Vernon Richards: "Violence, contrary to popular belief, is not part of the anarchist philosophy. It has repeatedly been pointed out by anarchist thinkers that the revolution can neither be won, nor the anarchist society established and maintained, by armed violence. Recourse to violence then is an indication of weakness, not of strength, and the revolution with the greatest possibilities of a successful outcome will undoubtedly be the one in which there is no violence, or in which violence is reduced to a minimum, for such a revolution would indicate the near unanimity of the population in the objectives of the revolution. ...
"Violence as a means breeds violence; the cult of personalities as a means breeds dictators--big and small--and servile masses; government--even with the collaboration of socialists and anarchists--breeds more government. Surely then, freedom as a means breeds more freedom, possibly even the Free Society! To Those who say this condemns one to political sterility and the Ivory Tower our reply is that 'realism' and their 'circumstantialism' invariably lead to disaster. We believe there is something more real, more positive and more revolutionary to resisting war than in participation in it; that it is more civilised and more revolutionary to defend the right of a fascist to live than to support the Tribunals which have the legal power to shoot him; that it is more realistic to talk to the people from the gutter than from government benches; that in the long run it is more rewarding to influence minds by discussion than to mould them by coercion." --"Anarchism and violence" in What Is Anarchism?: An Introduction by Donald Rooum, ed. (London: Freedom Press, 1992, 1995) pp. 50-51.
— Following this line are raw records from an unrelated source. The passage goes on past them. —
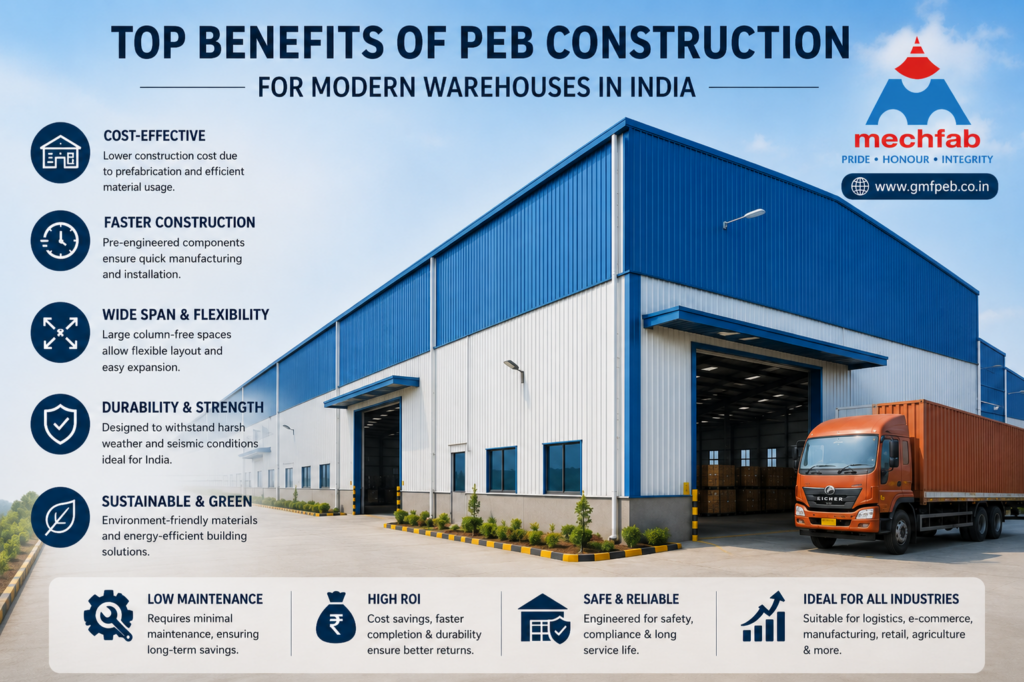 PEB Construction for Modern Warehouses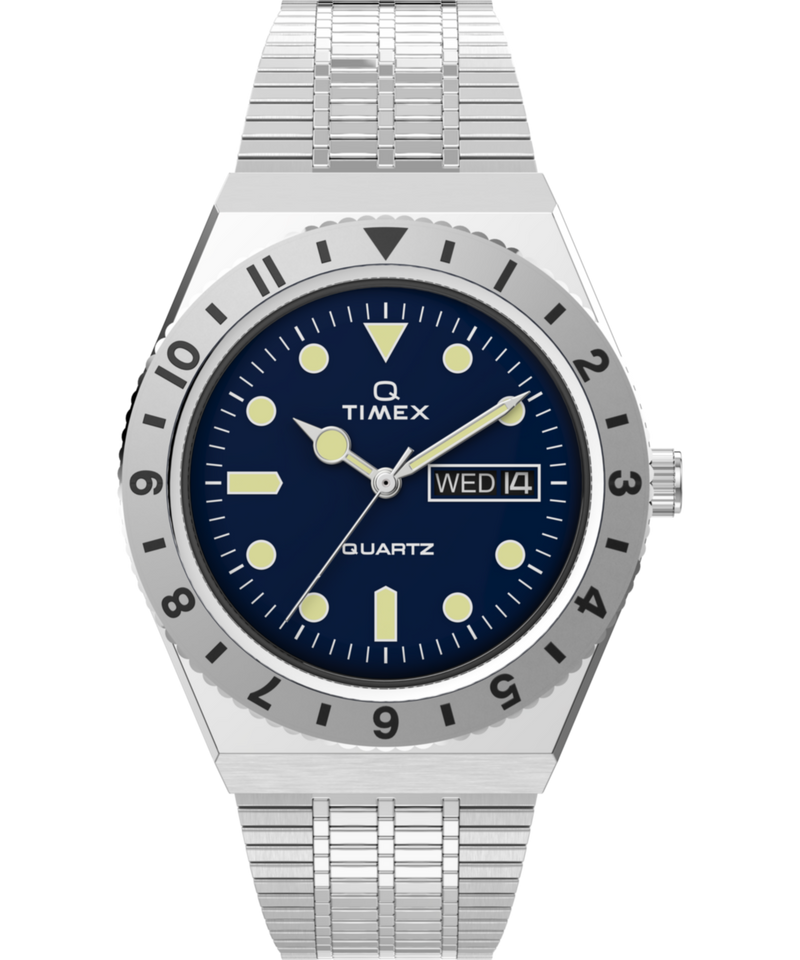 Timex Q Round 21mm Blue Dial Analog Men Watch - TW2V18300U9 Watch Timex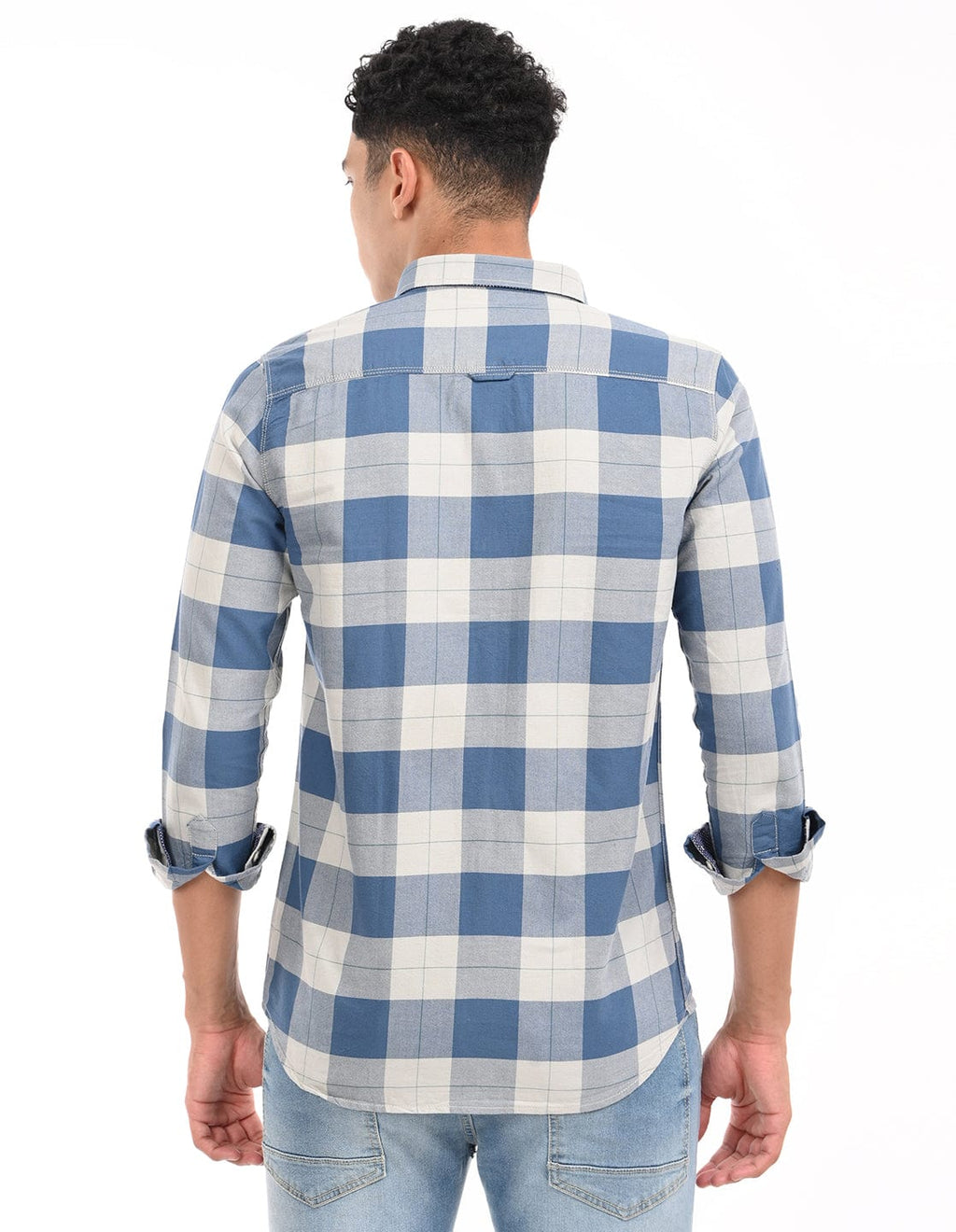 Men's Slim Fit Checks Full Sleeves Casual Shirt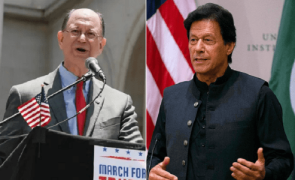 بریڈ شرمین، زلمے خلیل زاد کی عمران خان کیلئے لابنگ کرنے کے تاثر کی تردید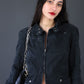 Veste de biker noire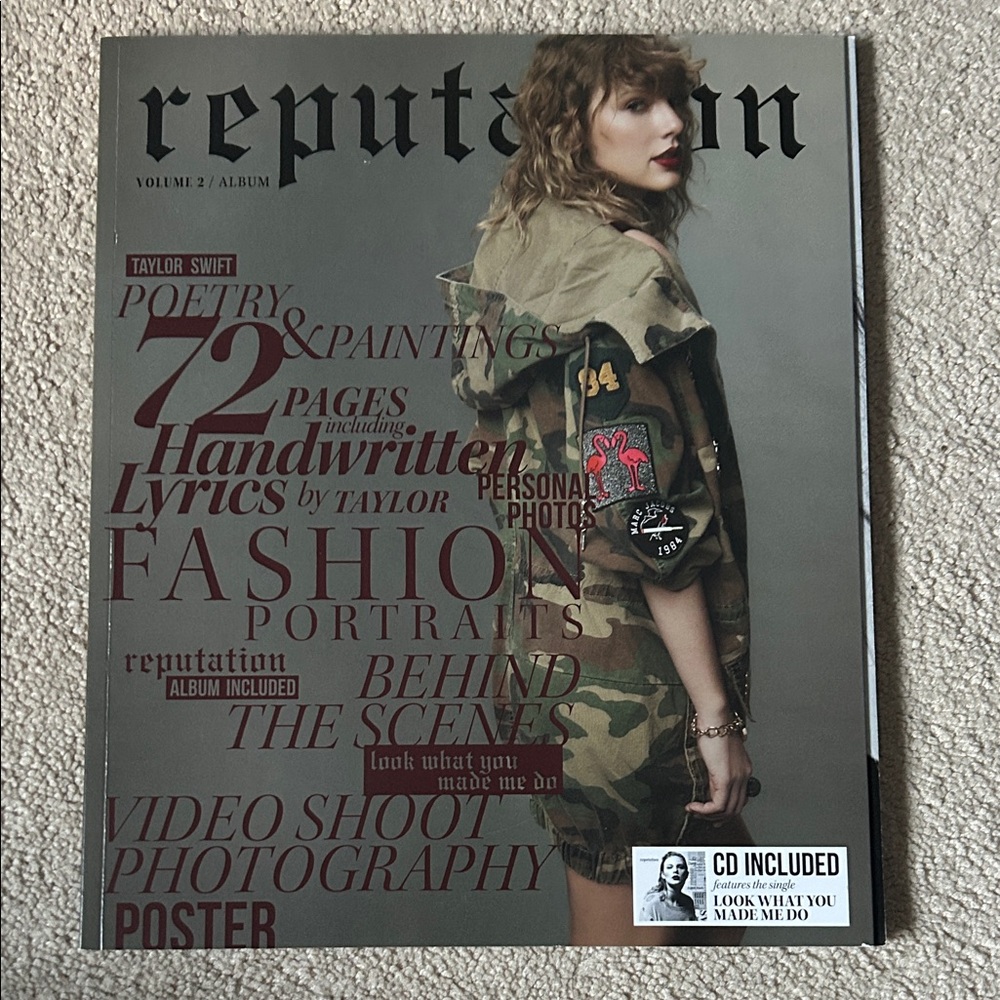 Taylor Swift Reputation Magazine vol. 2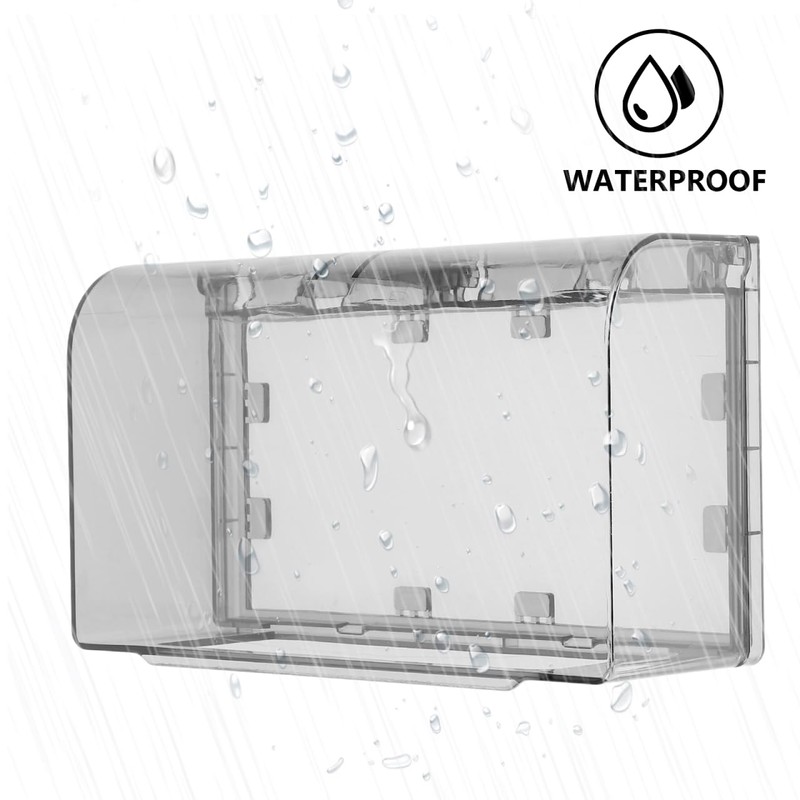 Garneck Waterproof Outlet Plug Cover Double-Position Socket Case Plastic Receptacle
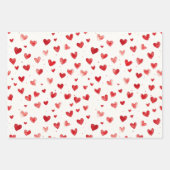 Chic Rode Crème Valentijnsdag Liefde Inpakpapier Vel (Voorkant 2)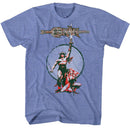 Conan-Movie Poster-Light Blue Heather Adult S/S T-Shirt - Light Blue Heather
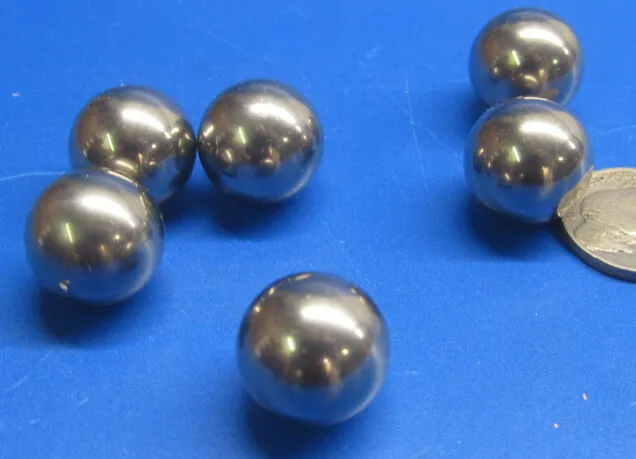 11/16" Dia. M50 Tool Steel Balls, 6 Pcs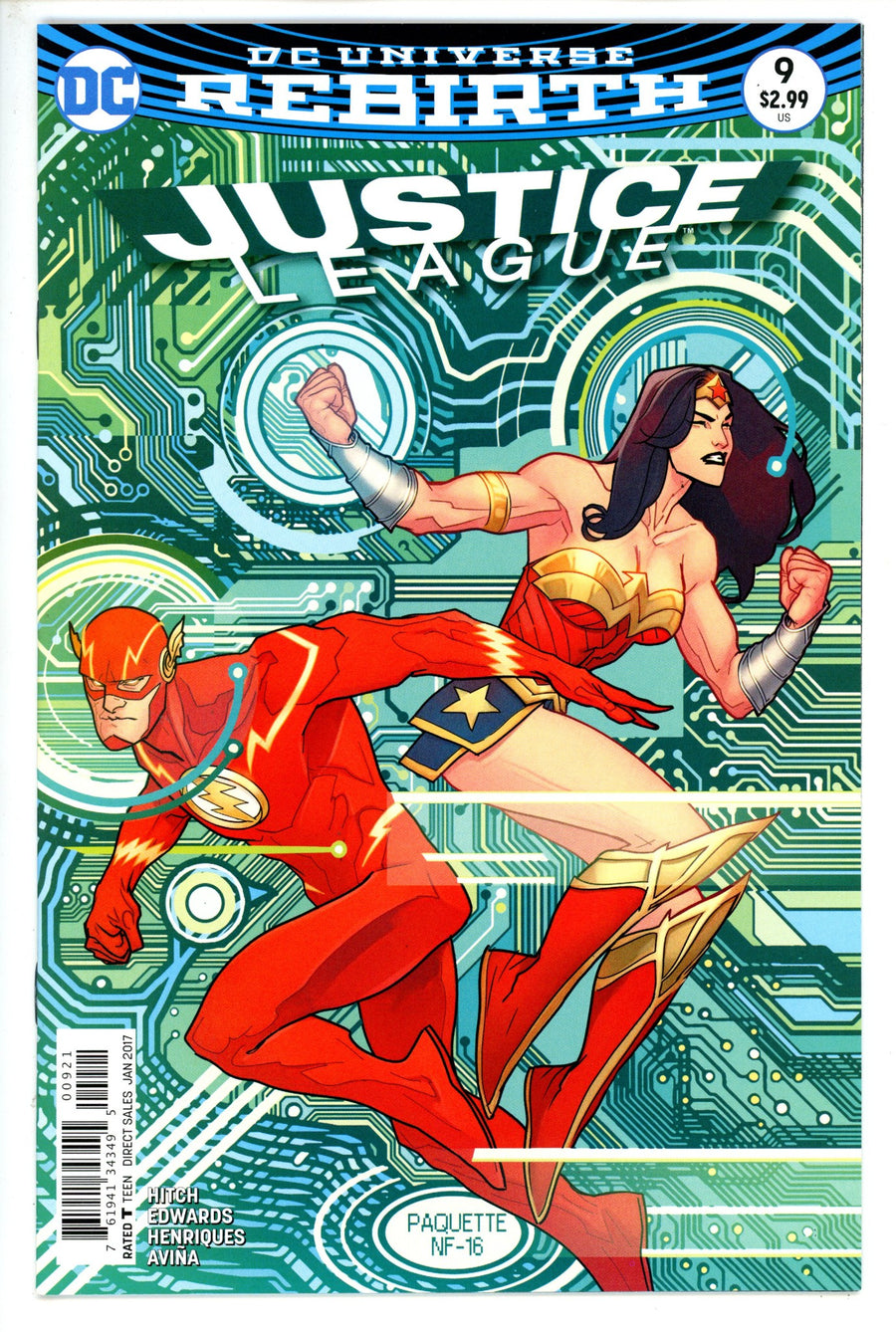 Justice League Vol 2 9 Paquette Variant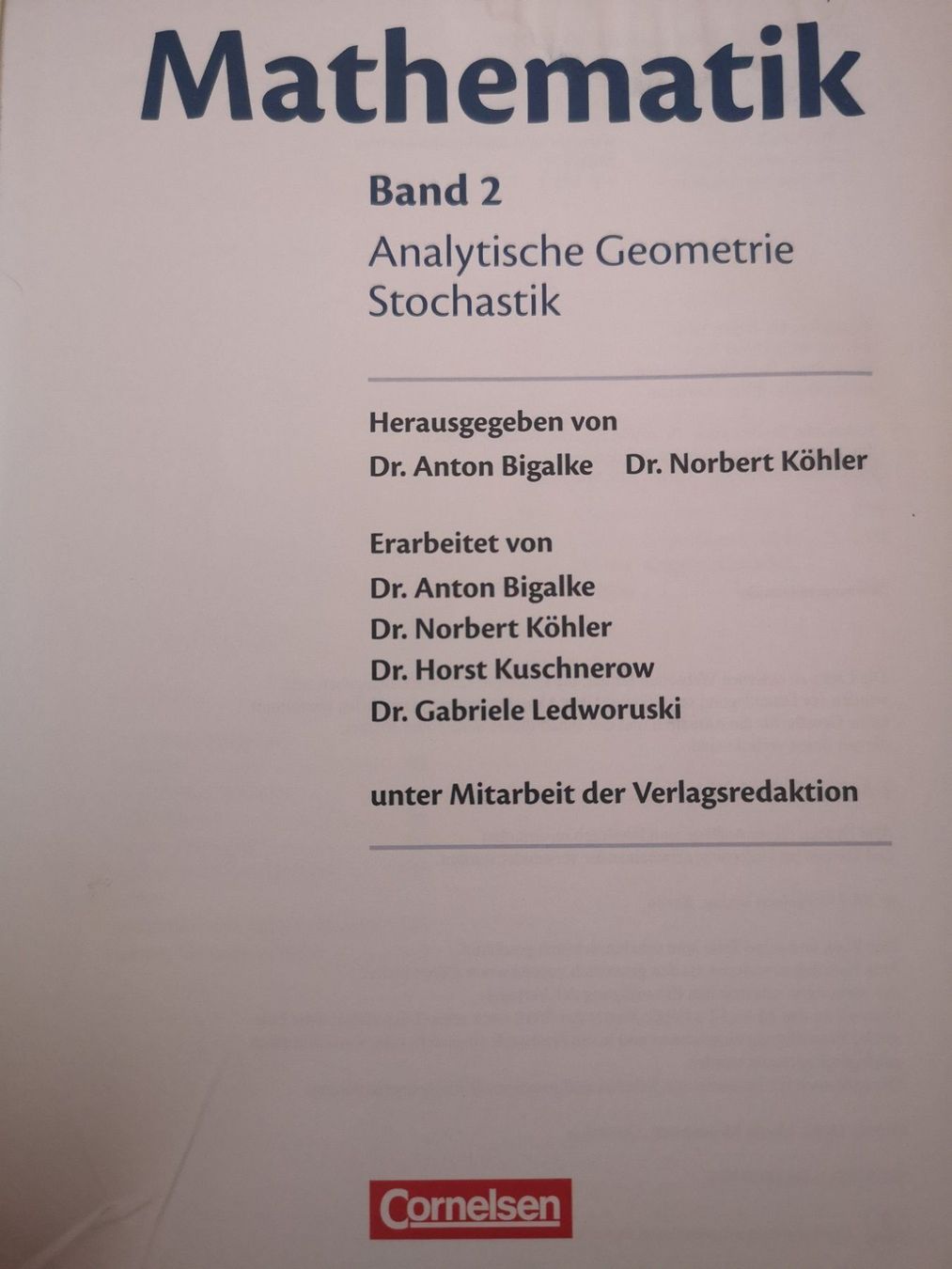 Livres: Mathematik Buch – D'occasion à Zürich par 11Orchidee30 1
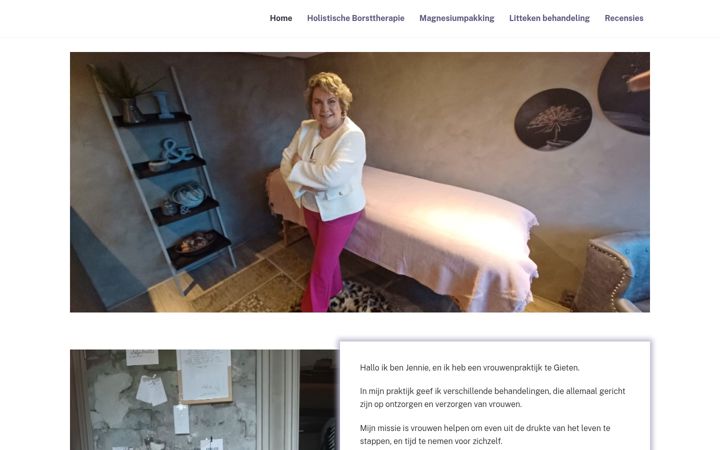Screenshot of jennie-volopvrouw.nl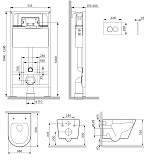 IS70138.741701 Инсталляция с клав ProC L мат черн с подвес унит Sense FlashClean с сид м/лифт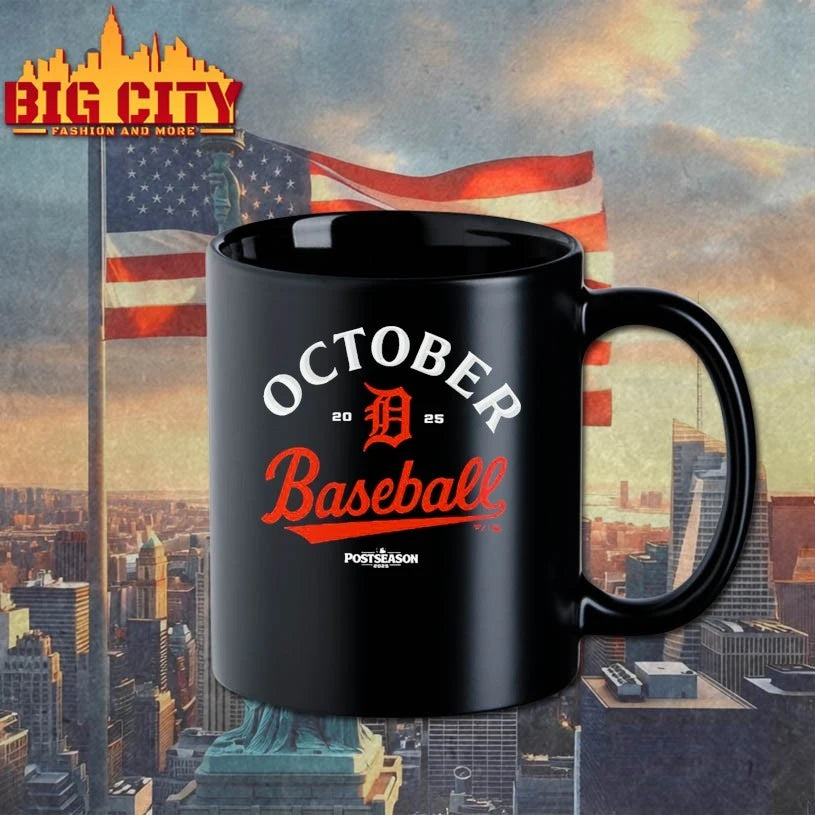 Detroit Baseball Tigers 2025 October Shirts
Rudolf Rocker:"I am an anarchist not because I believe anarchism is the final goal, but because there is no such thing as a final goal."
Rudolf Rocker:"People forgot that industry is not an end in itself, but should be only a means to insure to man his material subsistence and to make accessible to him the blessings of a higher intellectual culture. Where industry is everything and man is nothing begins the realm of a rushless economic despotism whose workings are no less disastrous than those of any political despotism. The two mutually augment one another, and they are fed from the same source." (pg. 10, Anarcho-Syndicalism, 1989 Edition, Pluto Press)
Donald Rooum: "Anarchism is opposed to states, armies, slavery, the wages system, the landlord system, prisons, monopoly capitalism, oligopoly capitalism, state capitalism, bureaucracy, meritrocracy, theocracy, oligarchy, governments, patriarchy, matriarchy, monarchy, oligarchy, protection rackets, intimidation by gangsters, and every other kind of coercive institution. In other words, anarchism opposes government in all it's forms." (What is Anarchism?, ISBN 0900384662)
Donald Rooum: "Anarchists are extreme libertarian socialists, "libertarian" meaning the demand for freedom from prohibition, and "socialist" meaning the demand for social equality. /../ Complete freedom implies equality, since if there are rich and poor, the poor cannot be permitted to take liberties with riches. Complete equality implies freedom, since those who suffer restrictions cannot be the equals of those who impose them." (What is Anarchism?, ISBN 0900384662)
Donald Rooum: "All anarchists believe in worker's control, in the sense of individuals deciding what work whey do, how they work, and who they work with. This follows logically from the anarchist belief that nobody should be subject to a boss." (What is Anarchism?, ISBN 0900384662)
Donald Rooum: "There are self-styled "anarcho-capitalists" (not to be confused with anarchists of any persuasion), who want the state abolished as a regulator of capitalism, and government handed over to capitalists." (What is Anarchism?, ISBN 0900384662)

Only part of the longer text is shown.